Systematic Investment Plan (SIP) is a method of investing where you set up a specific amount to be invested every month in a fund of your choice. Of course, by now, the SIP is no longer a novel concept, but has turned out to be the backbone of your investment plan. But apart from the plain vanilla SIP, is there any other way to make SIPs work better? There are!
Some AMCs and investment platforms offer what is known as Flexi-SIP. With this option, you can vary the monthly amount whenever required. This will be helpful where you cannot commit to a specific amount each month. This variant of SIPs gives you the flexibility to adjust your investments to changing needs. The amount could be entirely changeable or changeable within a range. If you do not make any changes, a default amount goes into your SIP anyway. But remember that with flexibility also comes the additional responsibility of staying in control.

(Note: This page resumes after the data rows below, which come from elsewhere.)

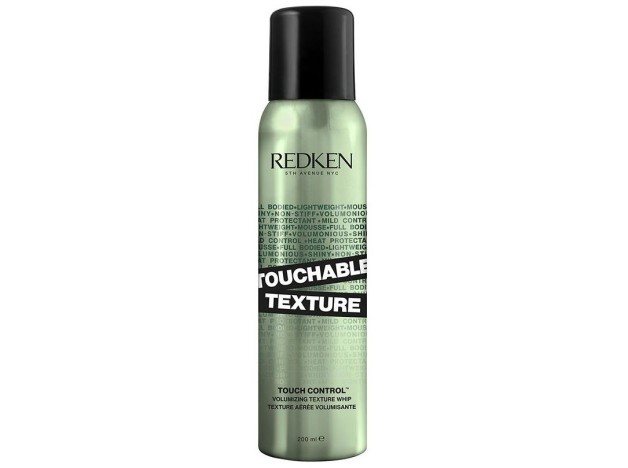 Redken Touchable Texture Volumizing Texture...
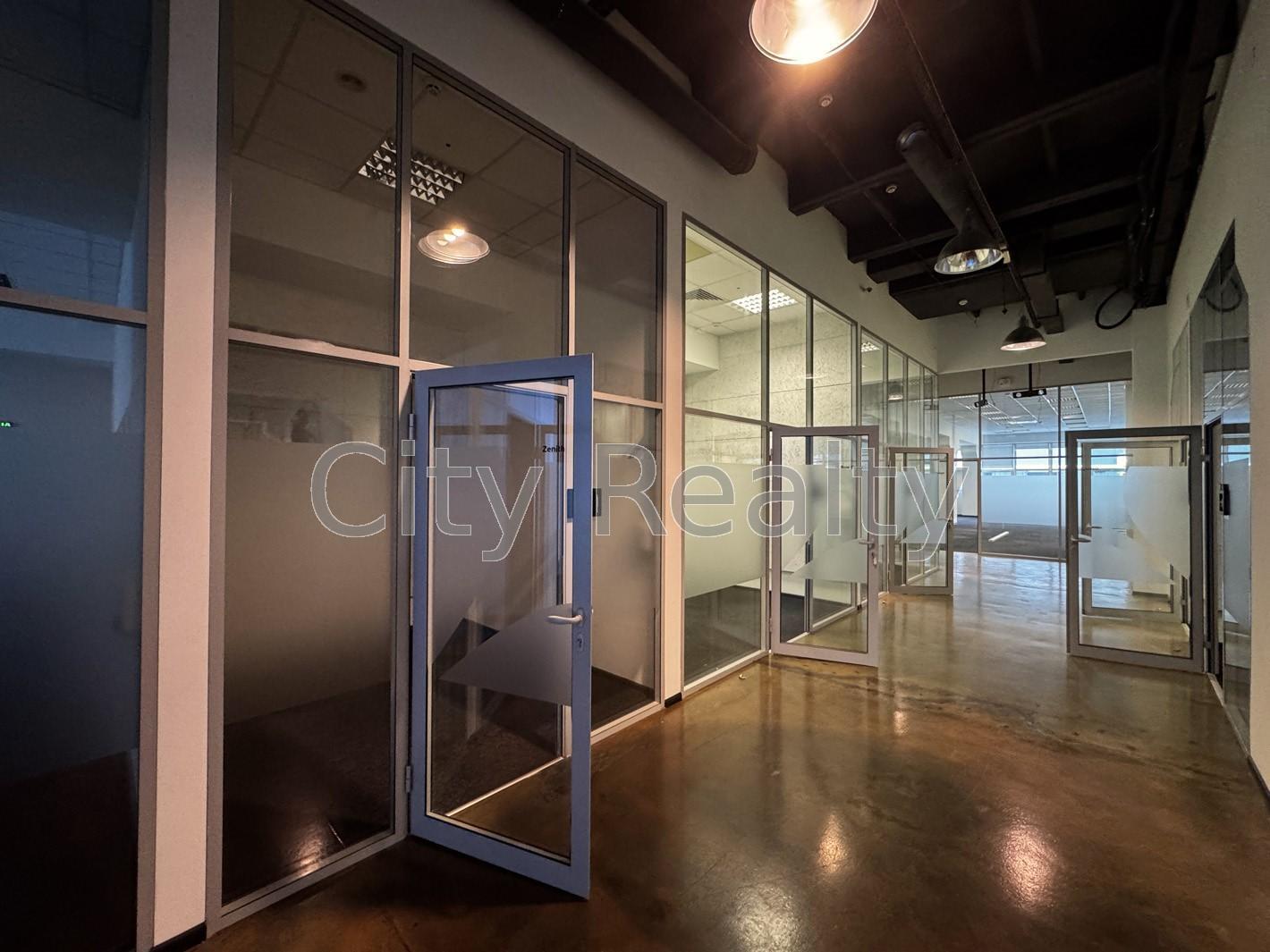 Аренда офиса 1483.4 м², Ахтырский пер., 7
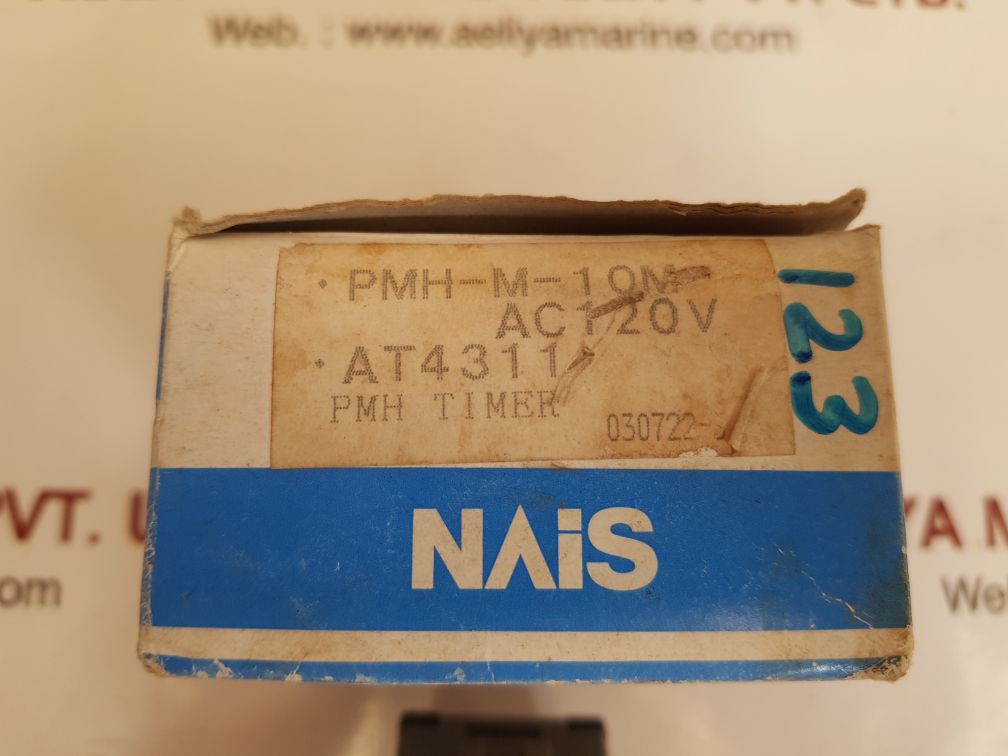 Matsushita pmh-m-10m pmh timer new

There’s a type of SIP, called Step-up SIP, which steps up your investment periodically. You can choose to increase your monthly SIP amount every year by a certain amount or percentage. For example, say you had an SIP of Rs 5,000. You could choose to increase it by, say, 10% every year, or say, Rs 2,000 every year. This way, your savings and your wealth gradually increase without you making any additional effort. Taking the same example, an annual SIP increase of Rs 2,000 at an assumed rate of 12% works out to Rs 27 lakh in 10 years. If you had stuck with Rs 5,000 only, your accumulation would be Rs 11.6 lakh over the same period. So, you could still get the invest-and-forget benefit that a SIP offers.
The traditional SIP invests a fixed amount regardless of market direction. But if you want to get more mileage out of market ups and downs, there are some market-timing versions of SIPs available. Some AMCs, for example, tie your SIP amount with triggers such as the Nifty 50 PE levels. But such a system would result in different amounts being invested in different months.
The newest version of a market-timed SIP comes in the form of dynamic allocation between equity and debt within the fixed SIP amount. Such a SIP takes different parameters like valuations, market sentiment, growth outlook, etc, into account to determine the ideal allocation for that particular month. If the equity market is highly valued, you’d allocate lesser to equity and more to debt. Similarly, when markets are low, you’d allocate more to equity.
SIPs already help average cost. But if you let market fundamentals guide you, cost averaging becomes far more effective. In turn, this would give a further boost to returns, delivering more than a static SIP over the long term. So, while the SIP is a great tool for building wealth, a few tweaks can make it even more attractive!